…and how GRUB got in the way

On October 1st ABQLUG gathered for it’s 4th meetup. In total, there were 4 members that showed up to try and hack on a Ubuntu 19.10 machine. What was the goal? To setup ZFS on root with native ZFS encryption on the root pool.

Some highlights as to why you may want to use ZFS:

  • Superior snapshot capabilities
  • Protection against bit-rot
  • Raid-Z, a replacement for traditional RAID
  • Extreme tune-ability

There are some downside though:

  • You cannot easily add a single drive to an already created pool
  • Finding out if your drive is 4k sector compatible can be difficult. Looking at the drive manufacturers data sheet might tell you
  • Faulty memory can lead to a broken filesystem; ECC is recommended but not mandatory

This is a write up of the commands we used, in case you want to try this out yourself. I used this guide as a starting point: https://github.com/zfsonlinux/zfs/wiki/Ubuntu-18.04-Root-on-ZFS

Update:

10/10/2019 – I ended up telling some of the Ubuntu devs over at the Ubuntu forums about the GRUB issues we were having. Several days later they released a patch for GRUB that makes ZFS work under Secure Boot. Likely, turning off Secure Boot would have also allowed this tutorial to work.

Prerequisites:

  • A computer that has EFI capabilities
  • Install Ubuntu 19.10 to a USB drive
  • Use the USB drive so you have a Terminal prompt to the Live USB
  • Basic knowledge of navigation of nano, or vi. If you want to use vi/ee/emacs, then replace the nano section with whatever editor you’re used to
  • Knowledge of /dev/disk/ paths, so you can change this to be relevant to your setup
  • If you can figure out how to install zfs, you really need to learn the CLI commands to properly maintenance the pools
  • This is a list of ZFS specific terms: https://www.freebsd.org/doc/handbook/zfs-term.html

Once you have a Terminal window open from the Live USB then you will want to switch to the root user as all of these commands need root access.

sudo -i

The Universe repository is required for ZFS packages since apt update is done for you.
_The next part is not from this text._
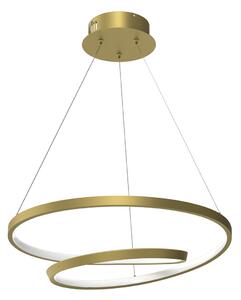 Lampada a sospensione a LED LUCERO oro-bianca 48W, luce bianca neutra 2400 lm, metallo, dimensioni: 90x50x50 cm, IP20, Milagro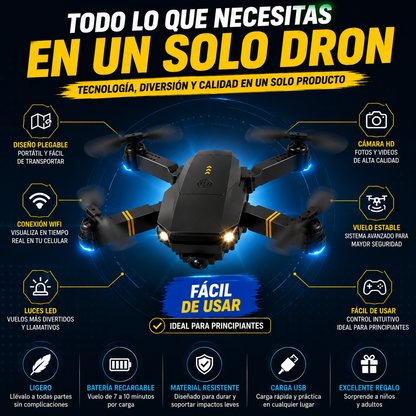 Dron 998 Pro Max™ Captura momentos épicos desde el aire sin gastar una fortuna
apt-add-repository universe

Now we need to install debootstrap to install Ubuntu onto the hard drive, gdisk to make and destroy hard drive partitions, and zfs-initramfs to grab ZFS and it’s dependencies. Using –yes makes apt install without a Y prompt.

apt install --yes debootstrap gdisk zfs-initramfs

You can set up partitions and pools with the disks listed in /dev/disk/ you need to see what you’re working with. At this point you need to be sure you select the correct drive. I know ahead of time that I want to use a Samsung SSD as the root and boot pool.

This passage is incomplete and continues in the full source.